La capacité de se maintenir dans l'espace public ne repose
pas uniquement sur les seules performances des sujets. Elle
dépend largement des règles sociales qui légitiment une vie ou,
au contraire, la précarisent. La visibilité et l'invisibilité ne sont
nullement des qualités naturelles mais des modes sociaux de
confirmation ou d'infirmation des existences. Le déclassement,
la relégation, l'absence de travail marginalisent les individus au
point de les effacer en les retirant de toutes les formes de participation
: le subalterne, le précaire, l'exclu sont alors de moins
en moins audibles, de moins en moins visibles. Il est urgent que
la philosophie prenne le parti des sans-voix et des invisibles si
elle veut contribuer à une critique de la normalité sociale.

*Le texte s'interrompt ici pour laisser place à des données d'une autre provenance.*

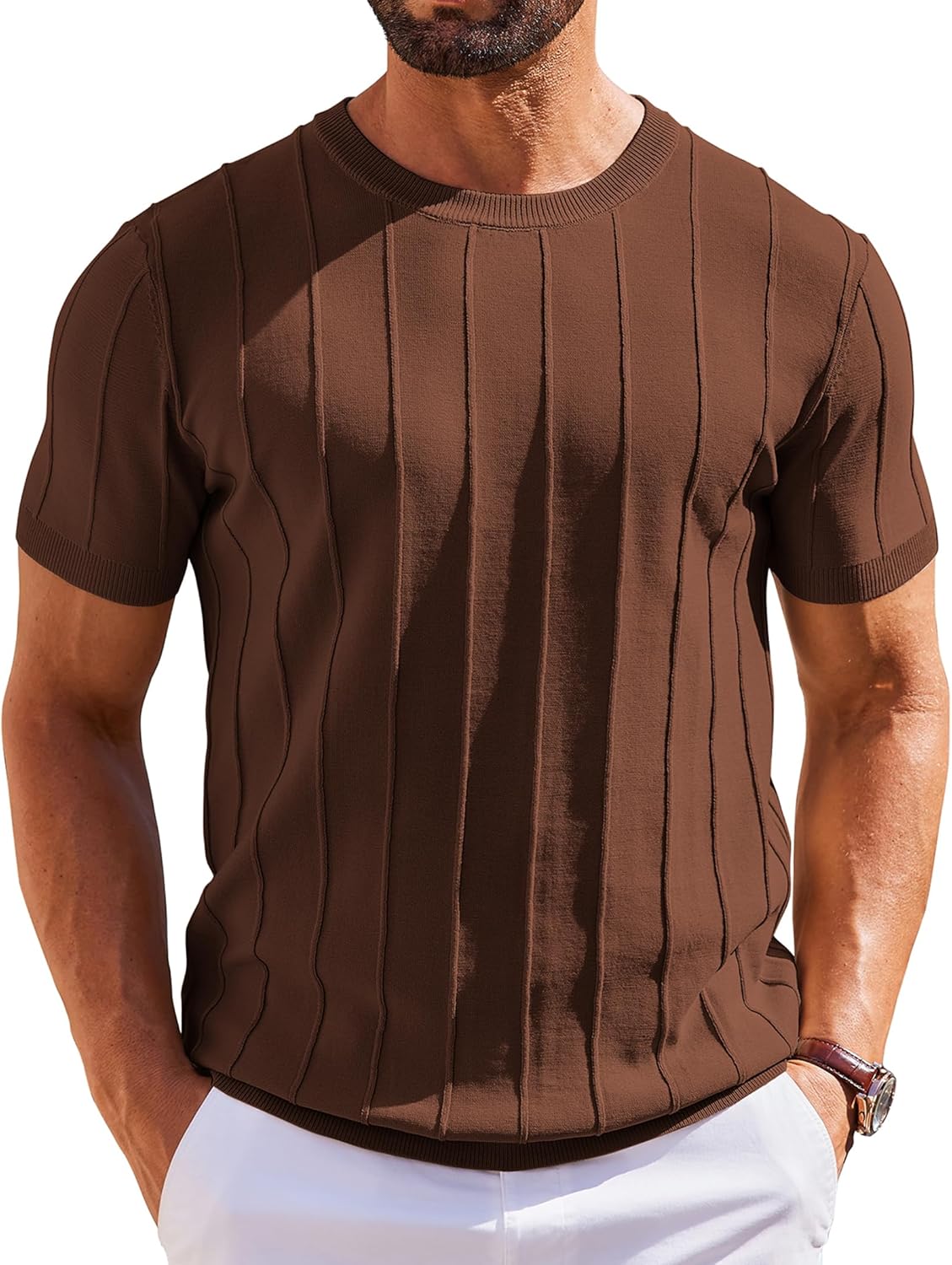 Detalle 2 de COOFANDY Men's Knit T-Shirt: Short Sleeve Crewneck Pullover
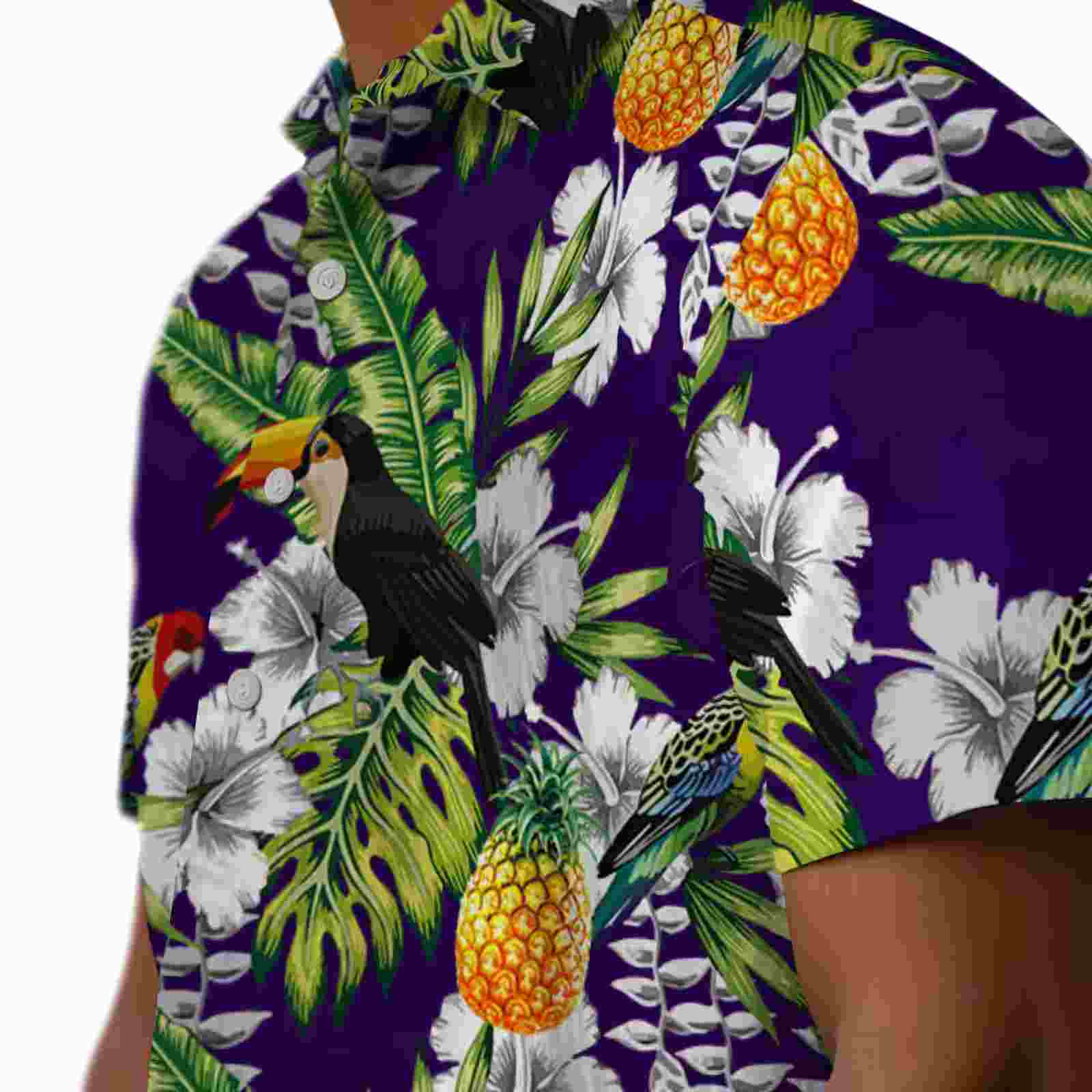 custom kansas state wildcats tropical toucan purple green hawaiian shirt trendy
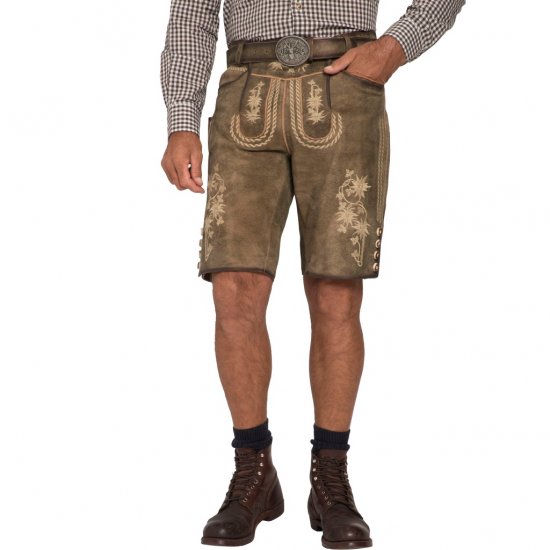 JP1880 Shorts Goat Suede with Belt Buckle Traditional Moss Green - Tenues de fête - Tenues de fête – Pour célébrer avec style et confort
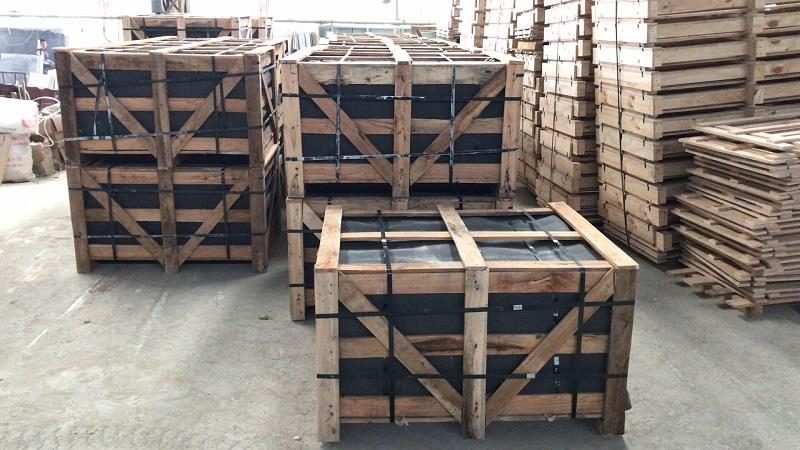 Quartz countertops packed in crates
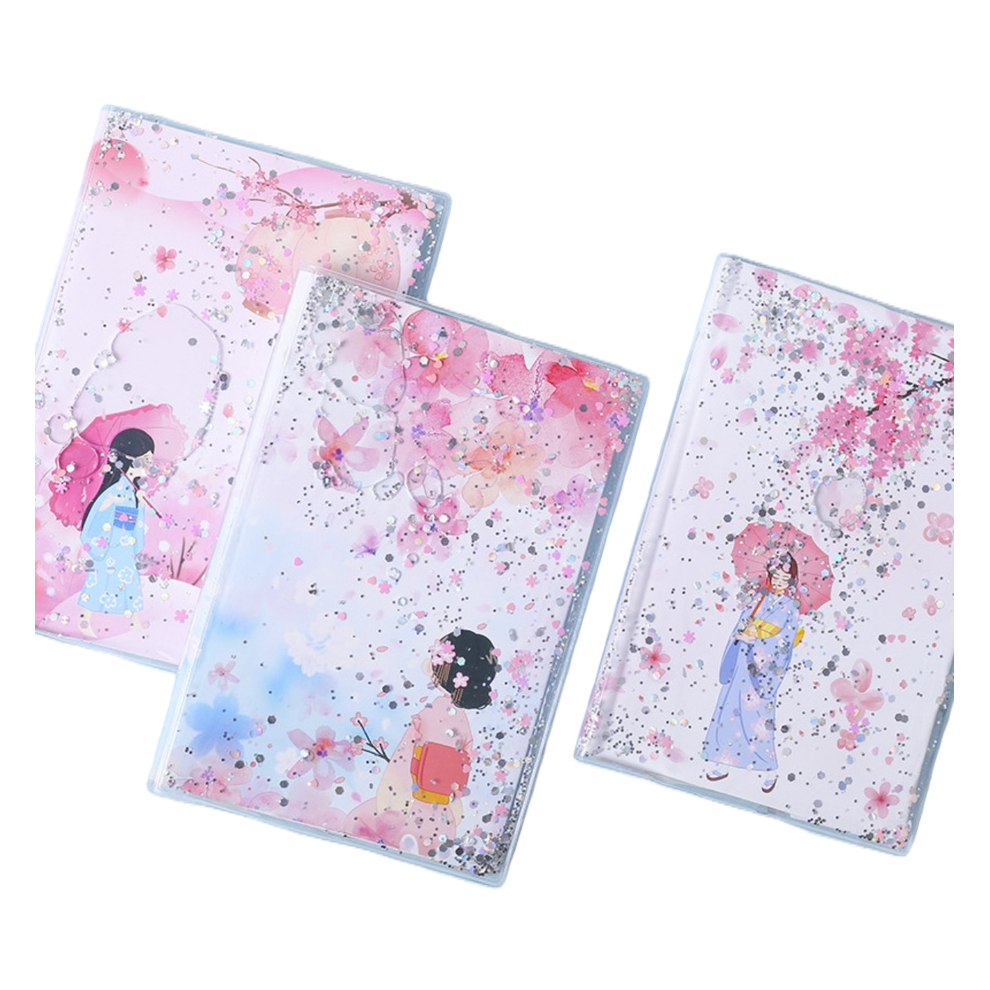 Pink cherry blossom-themed sand notebook with illustrations of three girls in kimonos holding umbrellas Item Picture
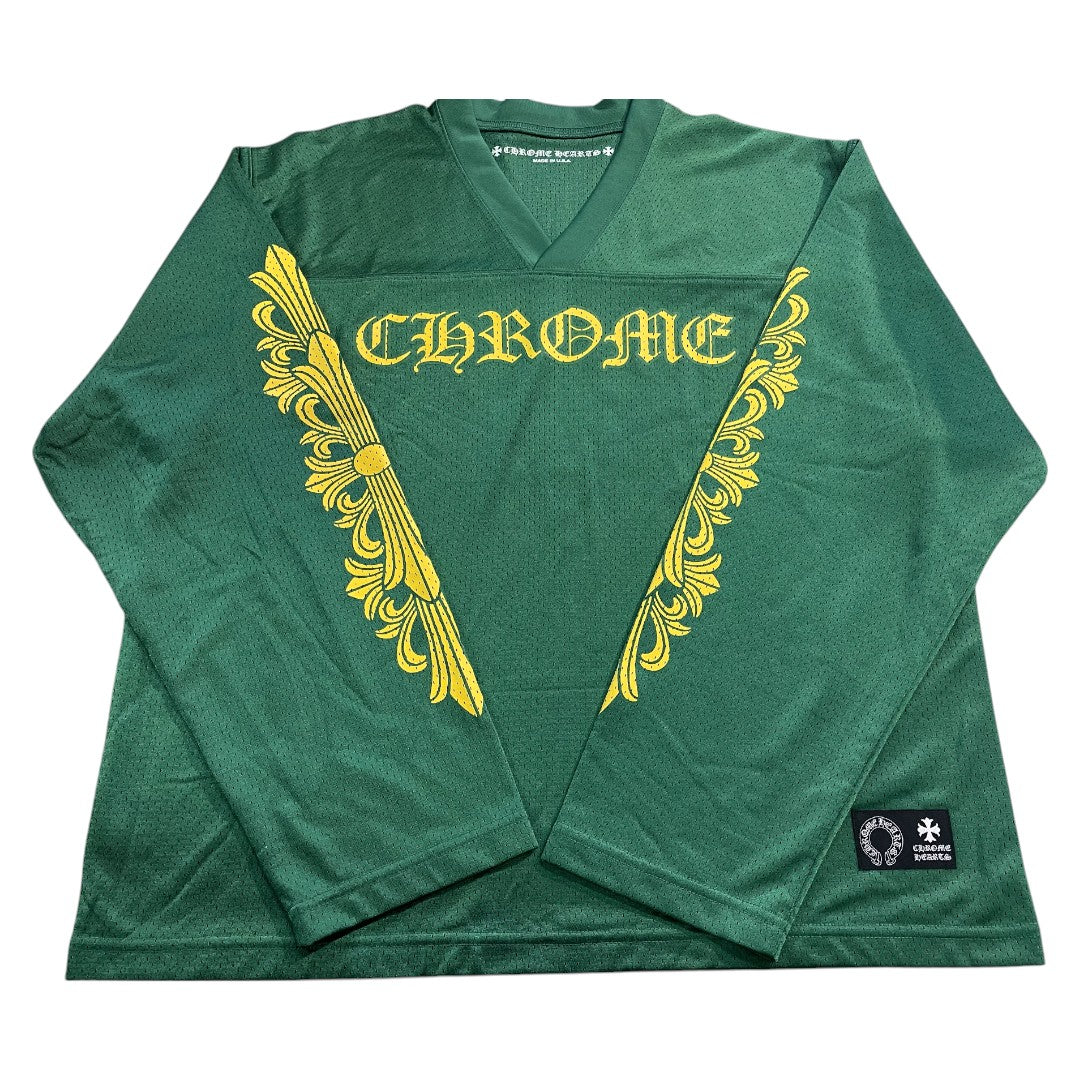 [CHROME HEARTS] Chrome Hearts WARM UP JERSEY CH Print Mesh Long Sleeve T-Shirt, Green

Pour
cela, elle doit repartir de ce que peuvent les vies ordinaires afin
de penser au plus près de leur activité : car une vie cherche
moins à être reconnue qu'à faire oeuvre, à pouvoir participer de
manière irréductible à la cité.
À la jonction de la philosophie sociale et de la philosophie
politique, cet ouvrage propose, à partir de cette question, une
discussion théorique des principales sources contemporaines
de la théorie sociale (Honneth, Butler, Nussbaum) mais aussi de
la phénoménologie (Ricoeur, Levinas, Merleau-Ponty).